February 16, 2011: Washington (29-18-10) at Anaheim (32-21-4)
Result: Capitals 7 – Ducks 6
The Background: In the 23 games played after they endured their eight-game losing streak in December the Capitals, who had reformed themselves into a team that emphasized responsibility in their own end of the ice, scored more than three goals in a game only three times. By the same token, they allowed more than three goals only three times. But their offense found itself in a bit of a deeper slump coming into this game – three goals combined over their previous three games, all losses, all to Pacific Division teams. It looked as if hockey's dog days of the season -- those games in January and February -- had settled in for the Caps.
Why It Mattered: In Anaheim, the Caps would face their fourth straight Pacific Division opponent, and the Ducks were on a four game winning streak, two of the wins coming by shutout. The Caps were already 0-4-1 against the Pacific for the year. Not a recipe for coming out of a slump. It probably looked worse 4:10 into the game when Ryan Getzlaf put the Ducks ahead with a power play goal. It was only the third shot of the game, all of them recorded by the Ducks.
Alex Ovechkin got that one back with a highlight reel-quality goal, taking a long pass from Nicklas Backstrom up the middle as he was hitting the red line, knifing between defensemen Andreas Lilja and Cam Fowler, and as Lilja was trying to hook him off, he snapped the puck through goalie Curtis McElhinney’s legs.
From there it became a game of “anything you can do, I can do better.” The Caps looked as if they would take a lead into the first intermission on an unassisted goal by Brooks Laich when he was handed the puck by the Ducks’ Teemu Selanne in front of the Anaheim net at 16:07. But the Ducks scored two late goals in the first period to regain the lead and chase Caps goalie Semyon Varlamov, who yielded three goals on nine shots. Anaheim went up two to start the second period, potting a goal against Michal Neuvirth in relief of Varlamov. But then the Caps scored two within three minutes of the Anaheim goal to tie it. Anaheim regained the lead in time for the second intermission, finishing the first 40 minutes with five goals on only 16 shots.

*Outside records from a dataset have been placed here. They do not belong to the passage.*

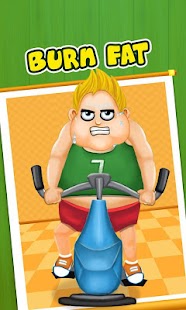 Download Fat Man Fitness Game - Get Fit APK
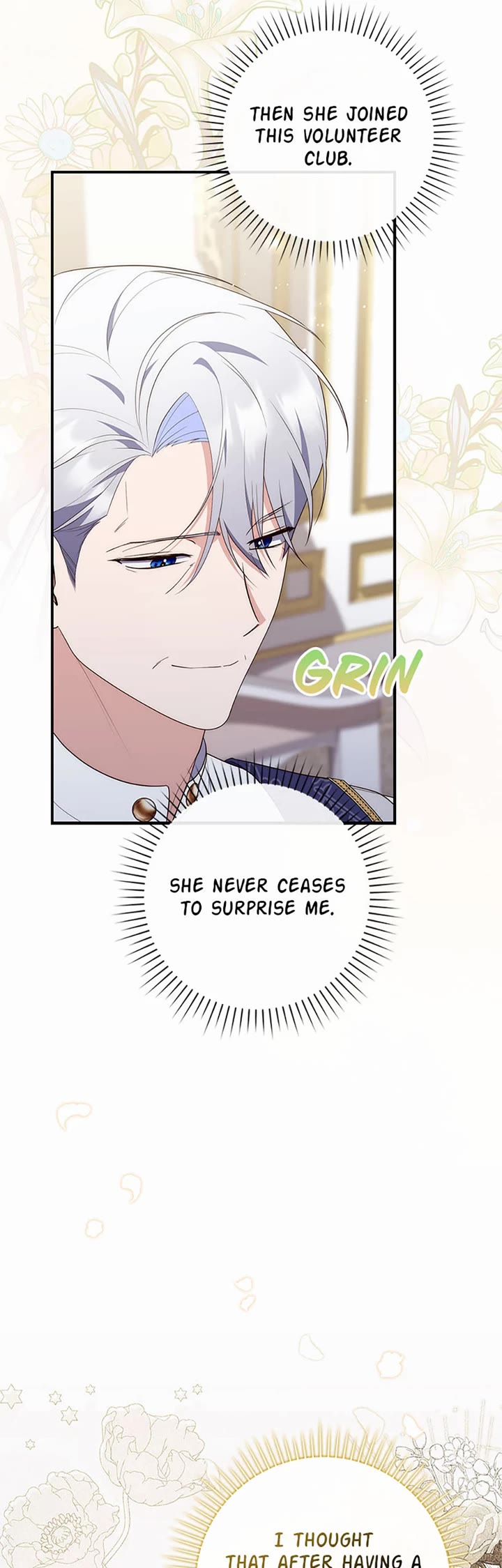 Fortune-Telling Lady chapter 74 page 39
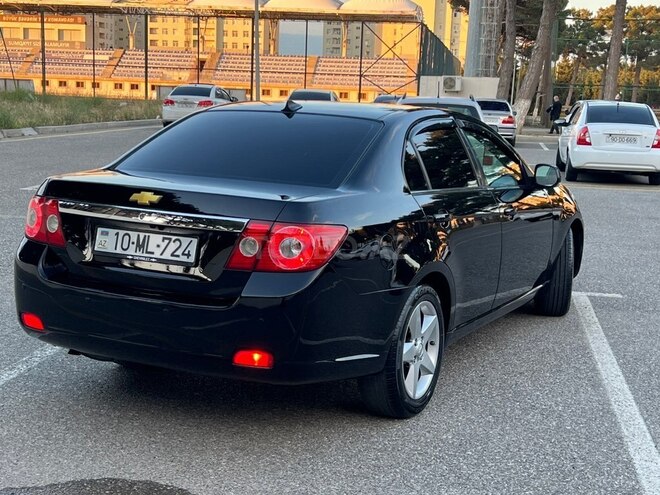 Chevrolet Epica-14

Mike Knuble got the Caps even in the first minute of the third period, but the Ducks took their fourth lead of the game five minutes later. It would be the last lead the Ducks would enjoy, as the last dozen minutes turned into “The Alexander Semin Show.” Semin, who scored the Caps’ fourth goal in the second period, showed fans why he is a gifted talent. Scott Hannan took a feed from Matt Hendricks and circled behind the Anaheim net. Hannan threw the puck in front, but on its way out from behind the net was tipped into the air by Ducks’ defenseman Luca Sbisa. Semin, skating down the middle to the net, took the puck on the bounce and short hopped it off his backhand, roofing it over McElhinney to tie the game.

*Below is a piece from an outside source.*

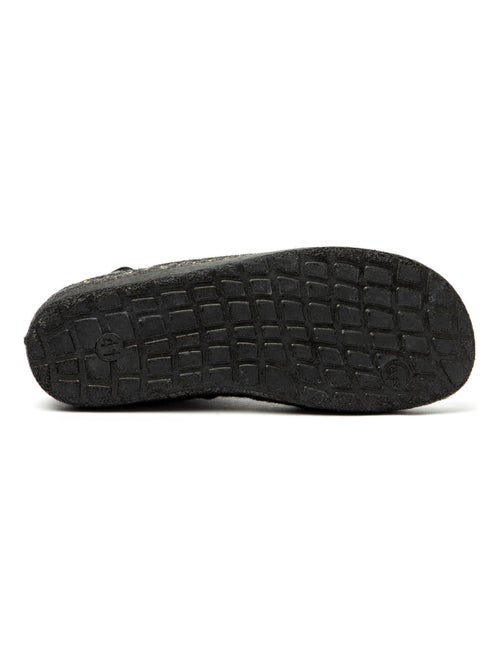 Zapatillas de casa unisex Nuvola con suela de goma - Kiabi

Semin would score the game winner with 1:47 left. Karl Alzner sent the puck hard around the boards, where it skipped over Semin’s stick to where Brooks Laich and Cam Fowler could fight over it. Laich pushed it ahead to Semin in the corner at the goal line. Semin circled, walked the goal line, stepped out, then backhanded the puck through McElninney’s pads to complete the hat trick (his fourth of the season) and give the Caps a most improbable 7-6 win.

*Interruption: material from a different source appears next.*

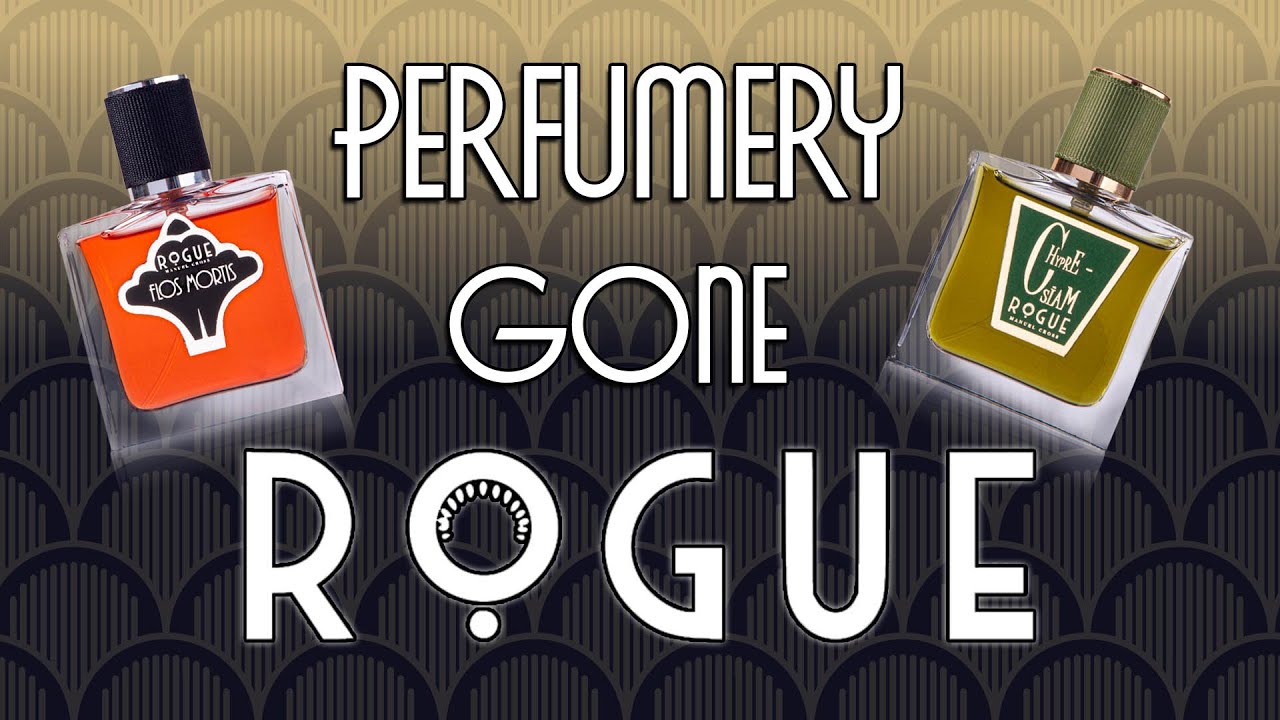 Anima Vintage | 7 profumi di Rogue Perfumery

It was a game in which both goaltenders struggled mightily. Consider, the Ducks scored six goals on 42 shot attempts, itself a .857 “unsuccessful” percentage. The “save” percentage of .714 (15 saves on 21 shots on goal) was absolutely ghastly. But the Caps showed a certain resiliency in coming back from four separate Anaheim leads. And it was a team effort – eleven different skaters had points, five different skaters had goals. One of the quirkier numbers in the games belonged to John Carlson – nine. He was on ice for nine of the 13 goals scored, six for the Caps, three for the Ducks. On the other side, Bobby Ryan had that number stapled to him as well, on ice for nine goals -- four for Anaheim, five for the Caps.
The Takeaway: Let Mike Knuble say it…
"It could be a game that gets us out of the kind of spell we were in. We gave up six goals, so it was really good to score seven and actually win a game the old way, like we were used to winning."
The Caps didn’t so much break out of a spell as they did get it out of their system. It was like the old days – if the 2009-2010 could be thought of in that fashion – but the Caps soon returned to their “be responsible” mode. They would go 11-2-0 over their next 13 games and would allow more than three goals only three more times in their last 24 games.
It was in one sense a trip down memory lane and at the same time a warning, that failure to pay attention to the defensive side of things could have unpleasant results. Based on how the Caps finished the season – a record of 18-5-1 in their last 24 games and just those three games allowing more than three goals – it was an indulgence not repeated and a lesson learned. And that’s why this oddly entertaining game mattered in the 2010-2011 season.